Komnas Perempuan Beberkan Persoalan Pengaturan Kekerasan Seksual Qanun Jinayat

Pengaturan kekerasan seksual di Qanun Jinayat memiliki permasalahan substantif intrinsik yang menghambat akses korban pada keadilan dan pemulihan.

Ady Thea DA
Bacaan 3 Menit
Kantor Komnas Perempuan. Foto: Istimewa
Kantor Komnas Perempuan. Foto: Istimewa

Pengaturan kekerasan seksual yang tertuang dalam Qanun Nomor 6 Tahun 2014 Tentang Hukum Jinayat mengandung persoalan yang berdampak terhadap korban. Ketua Komnas Perempuan, Andy Yentriyani, mengatakan secara umum pengaturan kekerasan seksual dalam Qanun Jinayat memiliki permasalahan substantif intrinsik yang menghambat akses korban pada keadilan dan pemulihan.

Qanun Jinayat atau peraturan daerah tentang pidana yang berlaku di Aceh dimaknai sebagai wujud otonomi khusus Aceh. Andy mencatat sedikitnya ada 10 jarimah atau tindak pidana yang diatur dalam Qanun Jinayat yang dibagi dalam 3 unsur penting yang membedakan antara satu jarimah dengan jarimah lainnya. Ketiga unsur itu meliputi jenis perbuatannya berdasarkan perbuatan yang dilarang syariat; dasar perbuatannya karena kerelaan (korbannya diri sendiri) dan akibat paksaan/ancaman/kekerasan (korbannya orang lain); dan objeknya seksualitas dan di luar seksualitas.

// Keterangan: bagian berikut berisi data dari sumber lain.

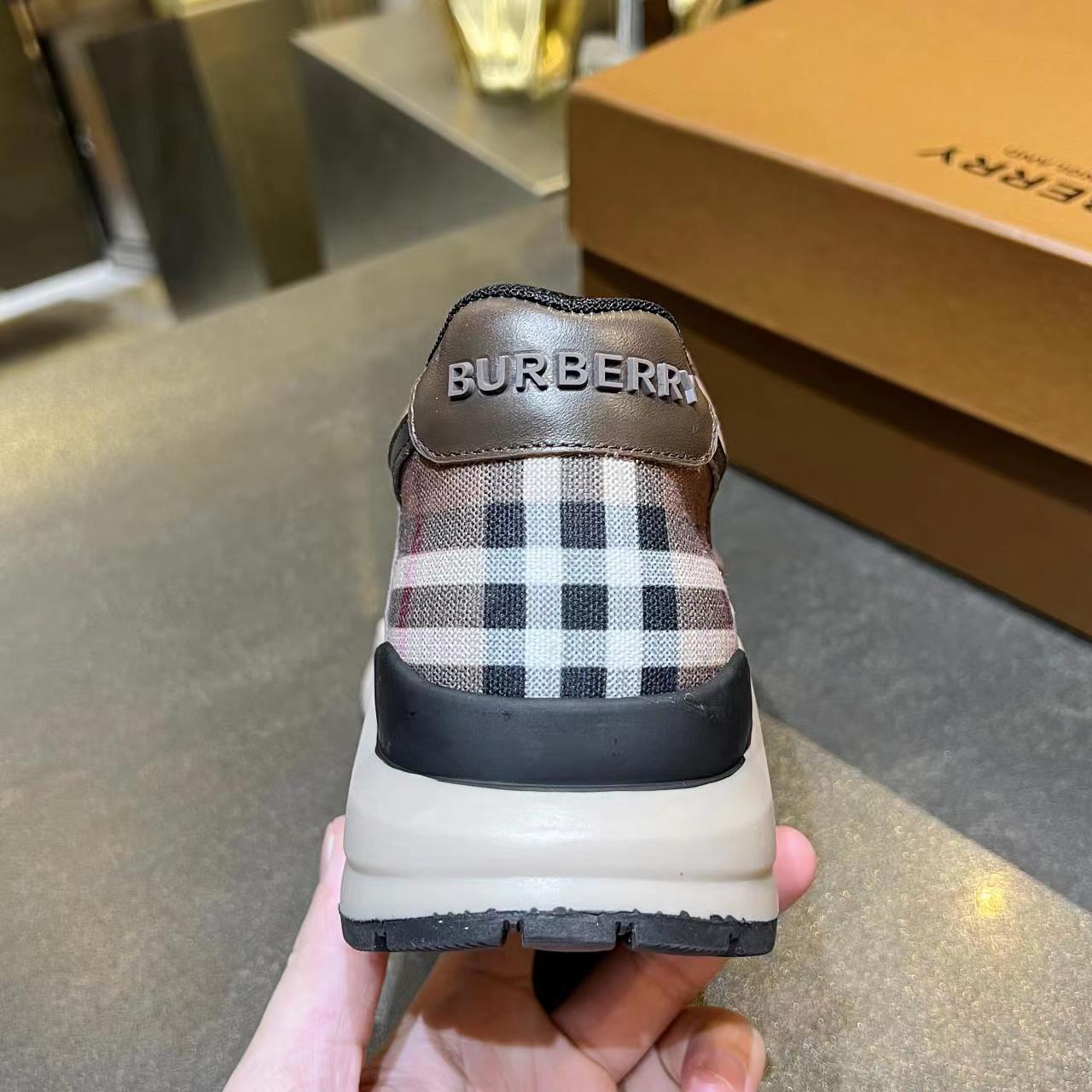 Burberry shoes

Delapan dari sepuluh jarimah didasarkan pada kerelaan atau persetujuan dan dianggap sebagai pelanggaran pada norma sosial, sedangkan dua diantaranya yaitu jarimah perkosaan dan pelecehan seksual yang merupakan kekerasan atau tanpa persetujuan korban.

Menurut Andy, dengan mencampurkan perbuatan kekerasan/tanpa persetujuan dengan perbuatan yang dengan persetujuan, menyebabkan korban perkosaan atau pelecehan seksual kerap dituduh sebagai pelaku jarimah lainnya ketika tidak mampu membuktikan kekerasan atau ancaman kekerasannya.

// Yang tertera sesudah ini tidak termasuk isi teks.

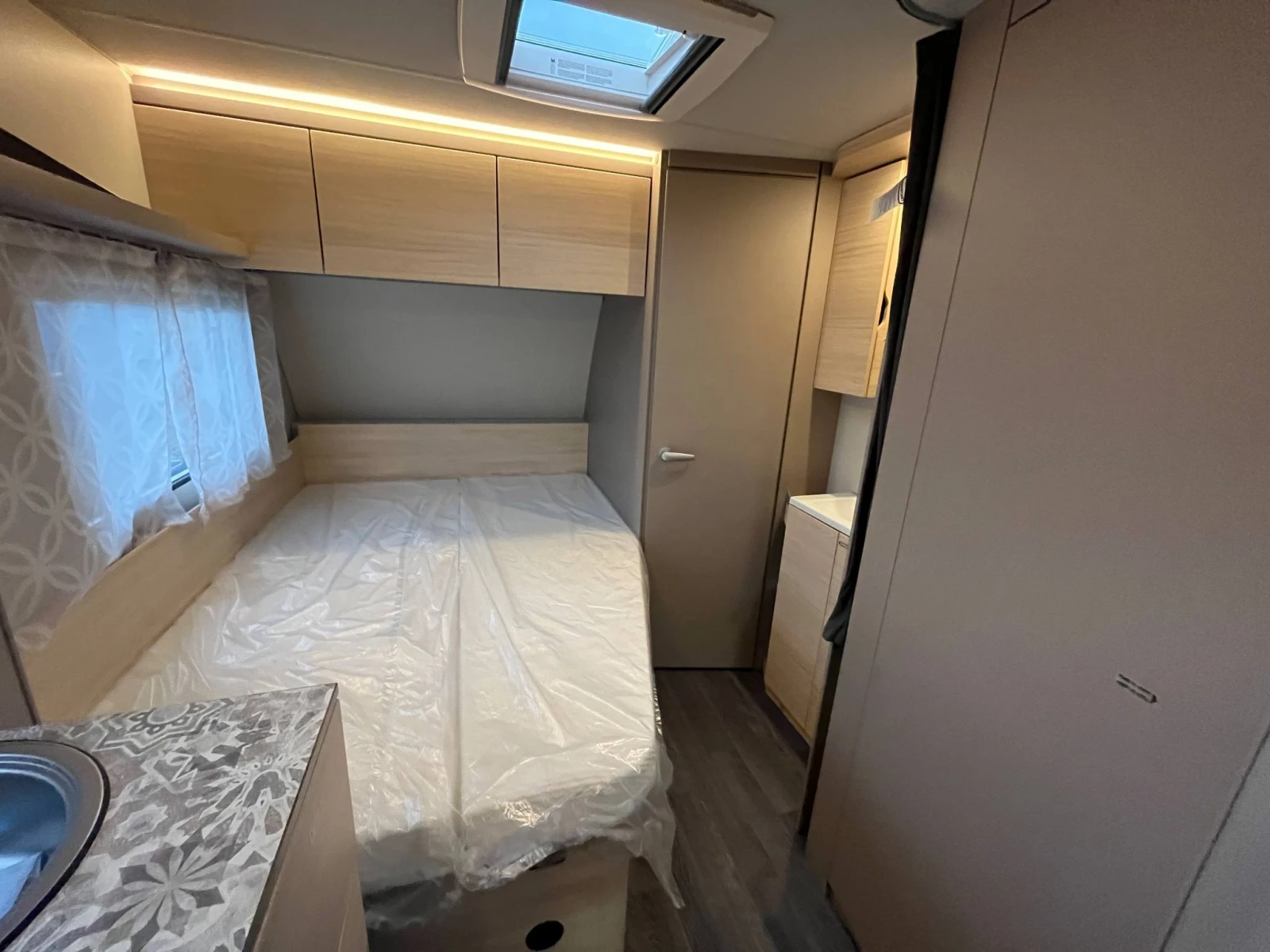 Каравана Weinsberg 450FU* КЛИМАТИК DOMETIC - изображение 3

Hal ini terlihat dari penggunaan Pasal 52 tentang kewajiban korban membawa bukti permulaan dan sumpah korban sebagai alat bukti. “Artinya, negara membebankan kewajiban pembuktian justru pada korban kekerasan seksual,” ujar Andy saat dikonfirmasi, Senin (14/11/2022). 

Selain itu, dalam Qanun Jinayat ketika korban tidak mampu menghadirkan bukti dan telah bersumpah, maka pelaku juga dimintakan untuk bersumpah.  Pengaturan ini serupa dengan penanganan kasus zina, di mana saksi diutamakan adalah saksi yang melihat jarimah. Oleh karena itu Andy melihat yang lebih didengar adalah sumpah pelaku dan atas dasar sumpah itu, pelaku akan dibebaskan dari ancaman hukuman.

Lebih lanjut, cambuk bagi pelaku lebih kerap dipilih sebagai bentuk penghukuman karena menjadi simbol otonomi khusus Aceh. Padahal, berdasarkan pemantauan Komnas Perempuan dan berbagai kelompok masyarakat sipil di Aceh, bentuk penghukuman itu telah menyebabkan perempuan korban berulang mengalami teror dan intimidasi oleh pelaku.

“Hukuman ringan pada pelaku hanya membuat perempuan korban merasa tidak adil dan tetap mengalami diskriminasi,” kata Andy. 

Sebelumnya, Direktur LBH Banda Aceh, Syahrul Putra, mengatakan Qanun Jinayat mengatur 10 tindak pidana dalam Islam yakni Khamar, Maisir; Khalwat; Ikhtilath; Zina; Pelecehan Seksual; Pemerkosaan; Qadzaf; Liwath; dan Musahaqah.

Qanun Jinayat tidak mengatur komprehensif tindak pidana kekerasan seksual, karena hanya mengatur tentang pelecehan seksual dan pemerkosaan. Fokus pengaturannya hanya untuk menghukum pelaku dan tidak memberi perhatian terhadap hak-hak korban. Bahkan dalam proses penanganannya juga tidak berpihak kepada korban. Misalnnya, korban dibebankan pembuktian.

“Bulan lalu hakim Mahkamah Syariah di Aceh Barat Daya menganulir hak anak dengan cara membebaskan pelaku karena alasan tidak ada saksi yang melihat langsung. Bayangkan hakim berharap ada saksi yang melihat pelecehan seksual dan pemerkosaan,” kata Syahrul dalam Instagram Live Hukumonline bertema “Potret Kekerasan Seksual Terhadap Anak di Aceh: Kondisi dan Tantangan”, Kamis (11/8/2022) lalu.

Menurut Syahrul, hal tersebut memicu meningkatnya kasus kekerasan seksual terhadap perempuan dan anak di Aceh. Melansir data dari Dinas Pemberdayaan, Perlindungan Perempuan dan Anak Aceh (DP3A) pada tahun 2019 tercatat ada 1.067 korban, 2020 ada 905 korban, dan periode Januari-September 2021 ada 702 korban. Dari 702 korban di tahun 2021 itu sebanyak 347 perempuan meliputi 612 kasus. Jenis kasus kekerasan yang dialami perempuan tahun 2021 itu antara lain kekerasan fisik (75 kasus), kekerasan dalam rumah tangga (241 kasus), psikis (141), pelecehan seksual dan pemerkosaan masing-masing 14 kasus.